[Start of Attachment]
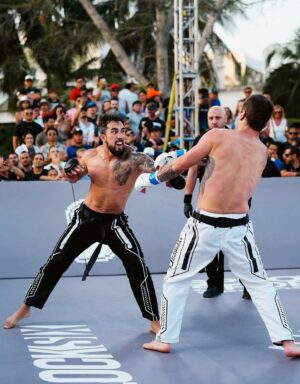 Omar Antonio Morales Ferrer Instagram - ¡EL GANADOR DEL COMBATE!💥#HAZLOPOSIBLE @omar_mma 
-
Detrás de esta gran victoria nuestro atleta @omar_mma pasó muchos meses de preparación y disciplina claves para obtener el resultado deseado, se presentaron algunos obstáculos en el camino pero este pelador no se rinde fácil. 🧨 
-
Sin duda una batalla para recordar ⚔️ Orgullosos del resultado, dos peleas ganadas en karate combat.

@karatecombat 
📸@fightgod_ 

 #hazloposible #karatecombat #cacunmexico #fit #envivo🔴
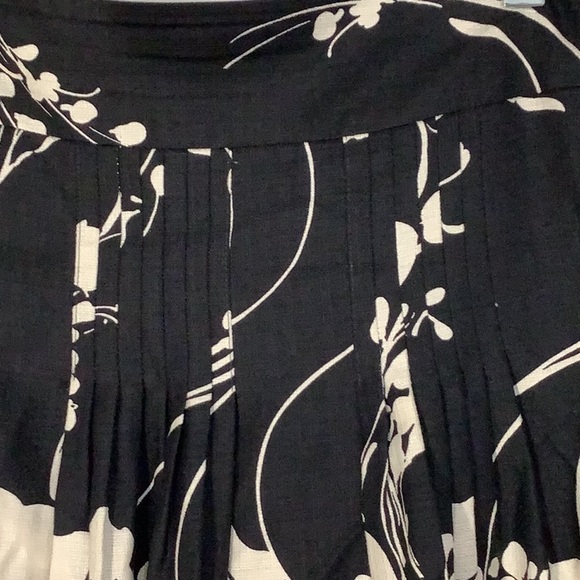 Ann Taylor Petites Black And White Skirt - Picture 4 of 7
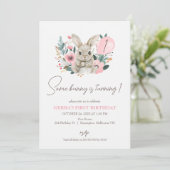 Invitation Floral rose Photo Un lapin 1er anniversaire (Debout devant)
[End of Attachment]
### WHAT IS REQUIRED
Write out, exactly and only, the lines from the one containing "Ann Taylor Petites" through the last line of the material above. Pictures do not go in the copy.

### REPLY
 Ann Taylor Petites Black And White Skirt - Picture 4 of 7
 Invitation Floral rose Photo Un lapin 1er anniversaire (Debout devant)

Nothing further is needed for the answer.